All you need to do is, just move out and stop the fall in your portfolio.
Then you can enter back later once things become better.
If you agree with this line of thought, welcome to the rest of us.
There is only one small problem. Getting back into equities at the right time is unbelievably hard.
Next obvious question…
Why is getting back into equities after exiting so difficult?
Instead of some theoretical mumbo jumbo, let us time travel back to the 2011 market crash led by Euro crisis concerns.
Indian equity markets (represented by Sensex) fell by 28% starting Nov-2010 till Dec-2011. Then they recovered and rallied by 96% till Jan-2015.
Now take a few seconds and visualize this fall in your mind. How does it look?
Something like this…
So the simple thing to do would be to exit once the fall starts and enter back when the rise starts.
If this is all there is to it, why do we tell you that the ‘exit and enter back’ strategy is so difficult to execute?
For that, let us check the real version.
Reality seems a lot different. If you notice, the fall is not a one-way smooth straight line as we imagined.
The path is extremely messy and unpredictable. There are so many false-upsides during the fall.
Imagine, if you had exited right before the fall and waited to enter back.
The market is up by 7%. Is it the start of the recovery? Should you enter back?
Oops. It’s started to fall again.
The market is up by 12% – Is it the start of the recovery? Should you enter back?
Oops. It’s started to fall again.
The same story continues 7 times over the next 1 year.
Now when the 8th time the same pattern of a quick upside happens, what would be your reaction?
“No worries. I have already seen this before. It will fall further” – the market has successfully lulled the pattern-seeking-brain of yours into complacency and overconfidence.
And here is the killer.
Even the recovery is not smooth. It has several false declines, playing with your mind and always keeping you confused in the short run.
To add to the pain, is the extreme volatility in weekly returns.
Check the weekly returns for the entire period. Can you differentiate the period of fall from recovery?
This is not a story specific to the 2011 fall.

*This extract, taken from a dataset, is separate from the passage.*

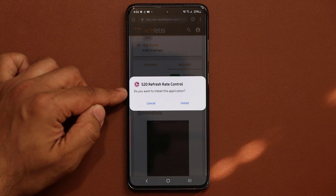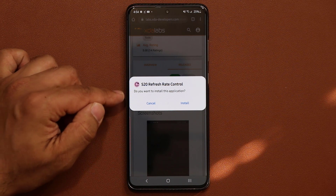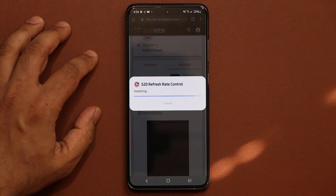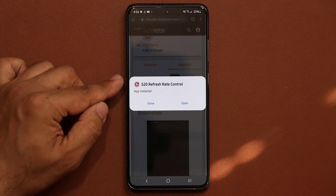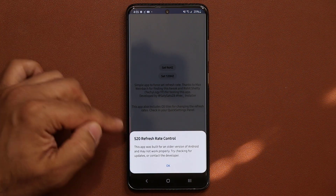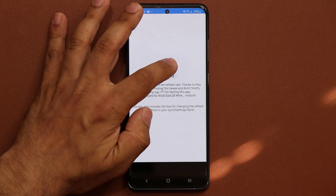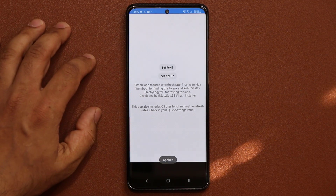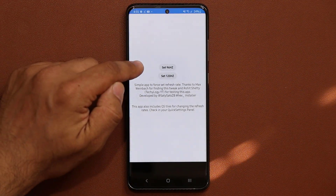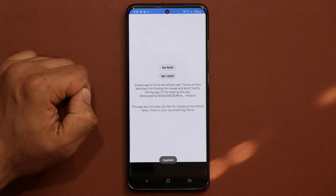Once you do that, it's going to ask you: S20 Refresh Rate Control — do you want to install this application? You're going to tap on install. It's just a couple of seconds. Once it is installed, click on open. You might get some little messages here — just tap OK and then tap on set 96 Hertz refresh rate. It's going to say apply. So right now that 96 Hertz has been applied. You can also tap on the other option and apply that as well.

All falls have a similar trajectory with several false upsides during the fall and several false downsides during the recovery.
Let us check what happened during Jan 2015 – Feb 2016.

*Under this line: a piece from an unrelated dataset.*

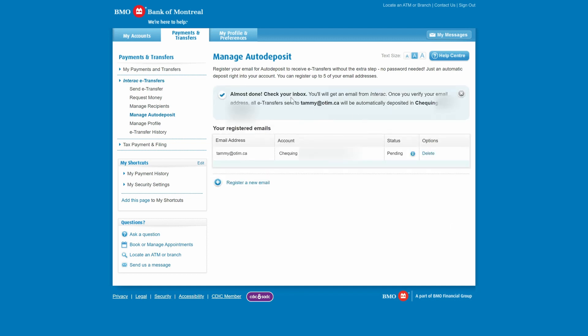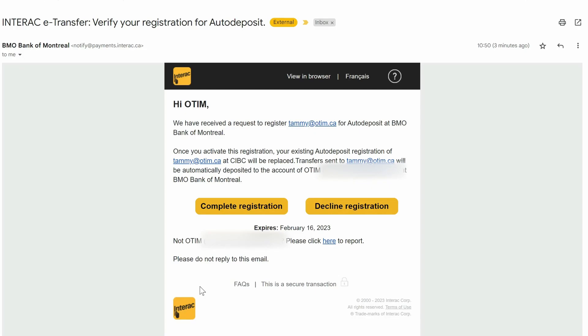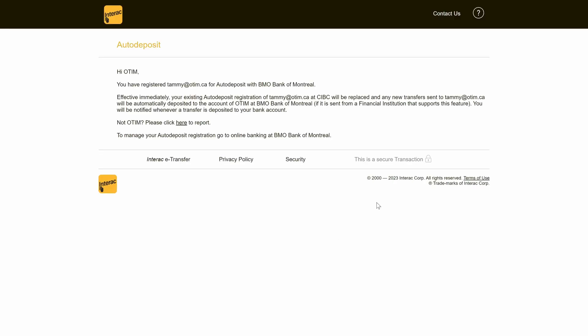It's almost done. You have to check your inbox. There's an email you're going to get where you have to confirm that this is what you're doing. Until then, you'll see that the status is pending. Here's that email that's been sent to me, and I'm going to click on the Complete Registration button. And the good news is my registration at CIBC has automatically been cancelled.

The market fell 23% during Jan 2015 – Feb 2016 led by fears of a slowdown in China. This was followed by a recovery in 2016.
There were more than 6 false upsides during the 23% fall and 3 false downsides during the recovery.
You can see a similar version of ‘extreme volatility’ in weekly returns…
You get the picture.
The reality is a lot messier and unpredictable than you thought.
Add to it, the fact that usually governments and central banks, have many tricks up their sleeves and keep announcing several measures to address the situation. You never know which one the market takes up seriously and which one it tends to ignore.
Also, markets usually recover much before the actual change in fundamentals, as expectations and sentiments change much ahead of time.
Now you know the answer, to why market timing is such a difficult task (if not impossible) to consistently pull off successfully over a long time frame.
The near term – to be brutally honest – is extremely difficult to predict.
This is why we take the humbler approach of not trying to time the markets and ask you to take the time-tested approach of ‘sticking to your asset allocation plan and riding it out’.
For the brave ones, you can even convert the fall into an opportunity via the ‘what-if-things-go-wrong’ plan (refer our earlier blog here)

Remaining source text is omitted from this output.